> [DATASET CONTENT]
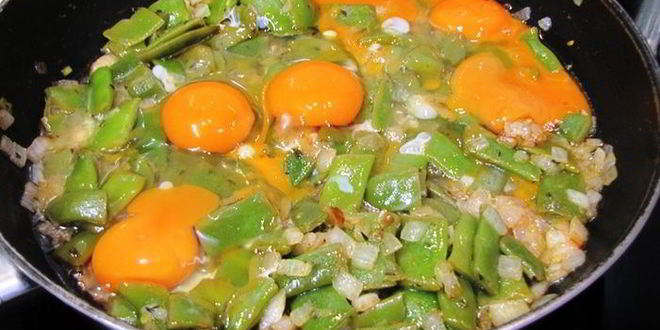 Рецепт яичницы с плоской стручковой фасолью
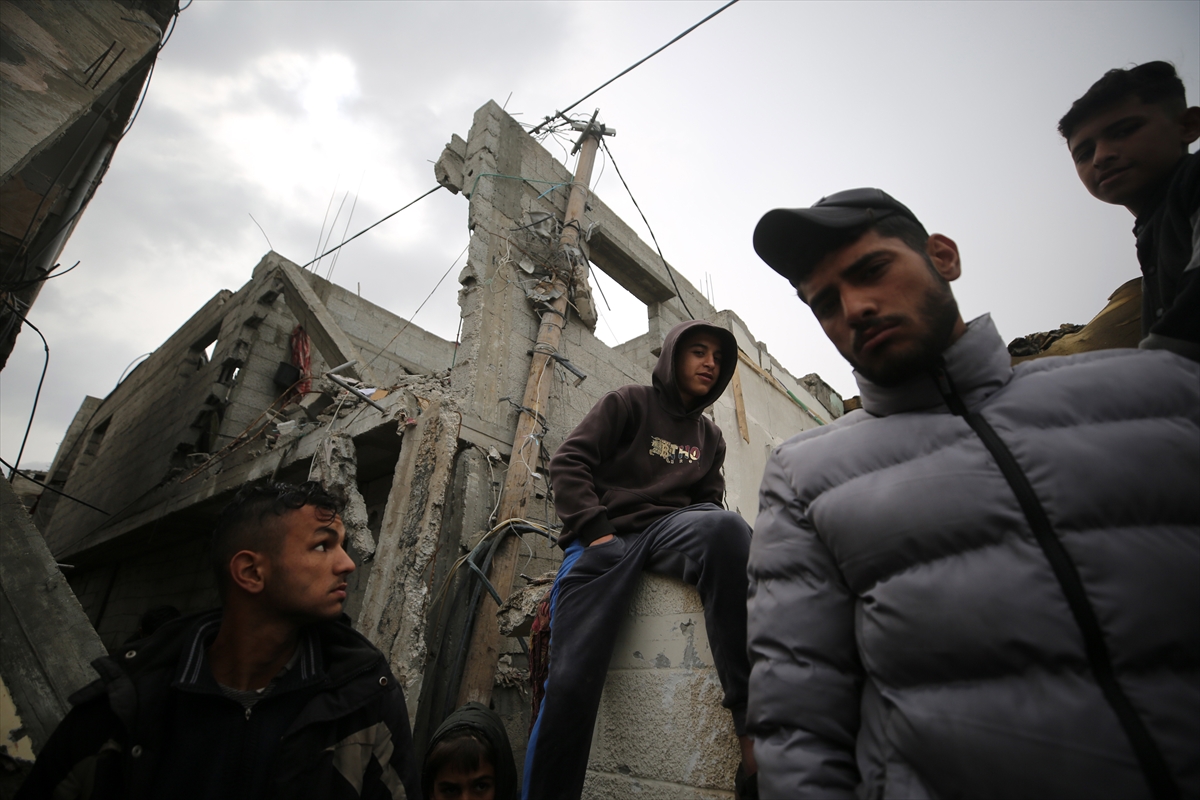 İsrail tüm tepkilere rağmen Gazzelilerin sığındığı Refah'ı vurdu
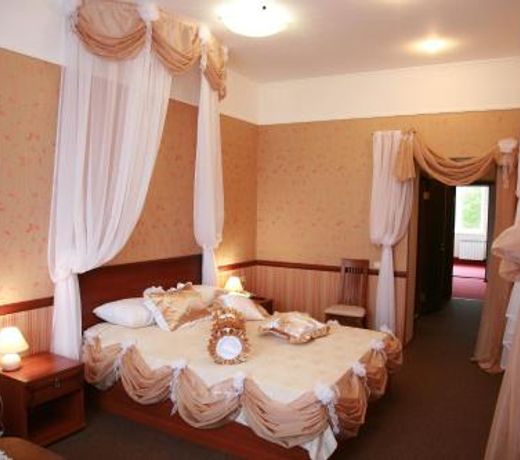 Parad Park Hotel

> [PROBLEM DESCRIPTION] Strip the images and return the remaining data exactly.

> [WRITTEN ANSWER]
 Рецепт яичницы с плоской стручковой фасолью
 İsrail tüm tepkilere rağmen Gazzelilerin sığındığı Refah'ı vurdu
 Parad Park Hotel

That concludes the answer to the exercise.